21 Temmuz 2012 Cumartesi

HASRETİN ZAMAN AŞIMI OLUR MU?

Bundan 18 yıl önceydi.Binlerce insan içlerinden ise 35 tane can… Sivas katliamı toplumsal belleğimizin en mahrem yerinde saklı. Tıpkı Çorum gibi, Maraş gibi.. Hatırladıkça içimizi yakan, ama unutmamak içinde sürekli hatırlanan bir gün. 

Peki Ne Olmuştu Sivas'ta? 

2 Temmuz 1993'de Pir Sultan Abdal Kültür Derneği tarafından Sivas' ta bir şenlik düzenlendi.Aziz Nesin’in içinde bulunduğu pek çok şair , ozan , fikir insanı dönemin valisi Ahmet Karabilgin'in özel davetlisi olarak kente geldi. Kültür merkezinde başlayan etkinliğe çeşitli camilerden çıkan bir grup ellerinde taşlar ve sopalarla geldiler. İlk aşamada polis bir sorun çıkmadan kalabalığı uzaklaştırdı. Ardından binlerce kişiden oluşan gerici güruh, Kültür Merkezi’nden yeniden Hükümet Meydanı’na geldi. Hükümet Konağı’nı taşlamaya ve slogan atmaya başlayan grup ardından Madımak Oteli civarına ulaşarak, slogan atmaya devam etti. Grup önce Madımak Oteli önündeki araçları ateşe verdi ve oteli taşladı.Otelde kentin dışından gelmiş 150 kişi vardı. Dışarıdaki güvenlik sayısı ise kalabalığı durduramayacak kadar azdı. Otelde bunu fark edenler telefonla Sivas Valisi'ni,emniyet müdürünü ve diğer yetkilileri arayarak önlemlerin arttırılmasını istediler. Bununla da yetinmediler,dönemin başbakanını, başbakan yardımcısını , parti liderlerini ve milletvekillerini aradılar. Ancak ulaşılan her yetkili "korkmayın önlem alındı " cevabını veriyordu. Madımakta insanlar 8 saat boyunca etrafa saldıran kalabalığı izledi.Onca aramadan, yardım talebinden sonra sadece ek olarak 71 güvenlik görevlisi gönderilerek olay durdurulmaya çalışıldı! Sonuç? Madımak oteli tutuşturulan perdeler ve alt katta bulunan eşyalarla birlikte yakıldı. Otele sığınmış olan 35 kişi yanarak veya dumandan boğularak yaşamını yitirdi. 

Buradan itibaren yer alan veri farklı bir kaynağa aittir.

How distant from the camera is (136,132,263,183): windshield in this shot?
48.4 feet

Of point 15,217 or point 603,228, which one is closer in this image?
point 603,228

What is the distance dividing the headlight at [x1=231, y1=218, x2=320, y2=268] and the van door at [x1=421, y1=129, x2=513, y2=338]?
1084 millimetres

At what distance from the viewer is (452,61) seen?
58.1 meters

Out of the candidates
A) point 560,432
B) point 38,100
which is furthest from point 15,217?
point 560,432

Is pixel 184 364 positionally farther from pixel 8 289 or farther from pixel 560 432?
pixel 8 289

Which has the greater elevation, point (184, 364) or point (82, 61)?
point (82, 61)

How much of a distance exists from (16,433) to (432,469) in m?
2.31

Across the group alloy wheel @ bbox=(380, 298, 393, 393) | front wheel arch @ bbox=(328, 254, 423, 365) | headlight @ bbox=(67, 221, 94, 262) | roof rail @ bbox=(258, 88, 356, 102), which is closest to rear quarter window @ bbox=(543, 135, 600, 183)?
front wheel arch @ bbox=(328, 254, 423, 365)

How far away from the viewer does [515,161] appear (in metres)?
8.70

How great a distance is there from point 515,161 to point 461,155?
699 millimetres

Katliam Önlenebilir Miydi? 

Esasında 2 Temmuzdan 15 gün önce "Müslüman kamuoyuna " başlıklı ve altında "Müslümanların" imzasını taşıyan bir bildiri yayınlanmış ve adeta "cihad" çağrısı yapılmıştır. Ancak hiç bir yetkili bu çağrıyı dikkate almamıştır! Bu da yetmezmiş gibi dönemin Başbakanı Tansu Çiller olayların ardından "Halkımız zarar görmemiştir.’’ diyerek hem yapılan katliama nasıl onay verdiğini hem de onca ölen cana rağmen onları nasıl da ötekileştirdiğini gözler önüne sermiştir. 

"Unutmak Tekrar Yanmaktır!" 

Geçmiş insanların geleceğinin yol haritasıdır.Eğer ki bir toplumun geçmişi yoksa, toplumsal belleği ne kadar zayıfsa, o toplum o kadar geleceksizleşmeye ya da geleceğini başkalarının çizmesine mahkumdur. Sivas bizim geçmişimizdir.Onca ölüm , acı, özlem, öfke bu günümüzün pusulasıdır.Bu yüzdendir ki hala unutulmaz ve hala yeni Sivaslar olmasın diye unutturulmaz.Çünkü bize ait o geçmişi silersek yeniden yanarız! Bütün bunları birileri biliyor olmalı ki katliamdan sonra bu gün bile hala yakalanamayan sorumlular var. Yakalananların ise çeşitli sebeplerle cezası ya hafifletildi yada kaldırıldı. (Nitekim o dönem sorumluların avukatlığını yapanlar ve bu gün AKP kadrolarında yükselişe geçen isimler o dönem iyi savunma yapmış olmalılar(!)). Peki ya bu gün? Bugün bu davaya bir de zaman aşımı dendi. Peki düşünmek gerek o zaman, bu gün hala bir sevgiliye anneye babaya duyulan özlem sevgi zaman aşımına uğrar mı yada "zamanla" geçer mi?